Second is the sauce, the mixture cooked into a nice gravy that could be used in a number of different things like a casserole or some sort of creamy potato dish.

I can't wait to use some of these elements in an original dish and I'm going to keep a look out for those free recipe cards at the grocery store. This was a smart dish that will lead to some tasty treats in my near future!

Eat well, cook often ...

THE RECIPE
From "Market of Meijer" recipe card
1 hour, 15 minutes, side for 4 to 6
1 C Crushed herb seasoning stuffing mix
1/2 C cheddar cheese, shredded
2 Tbs Butter, melted
4 Large yellow onion, cut in half horizontally
1 Can Cream of chicken soup (10.75 oz)
2 C 2% milk
1/2 tsp Dried rosemary
1/8 tsp Ground nutmeg

Preheat oven to 350°

Topping
For the topping, combine stuffing mix, butter and cheese.
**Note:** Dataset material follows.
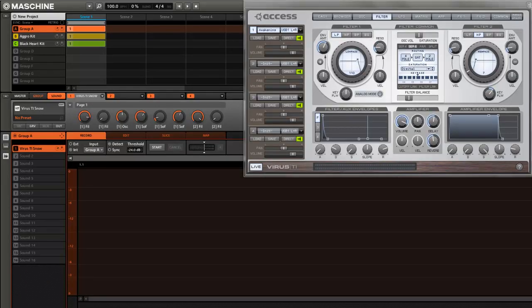Yo what's good, this is Saint Joe from MachineTutorials.com. Just a real quick video, I want to show you how to record audio from your Virus TI into Maschine. There's a few different ways to do it.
Mix well and set aside.

Sauce
Whisk together soup, milk, rosemary, nutmeg and pepper to taste until well incorporated.

Assemble, bake dish
Place onions in a 9 x 13 baking dish. Pour sauce over onions. Cover with aluminum foil and bake for 30 minutes. Remove foil, top onions with topping. Bake 30 minutes more or until onions are soft and cooked through. Remove from oven let cool slightly. Spoon sauce over onions when served.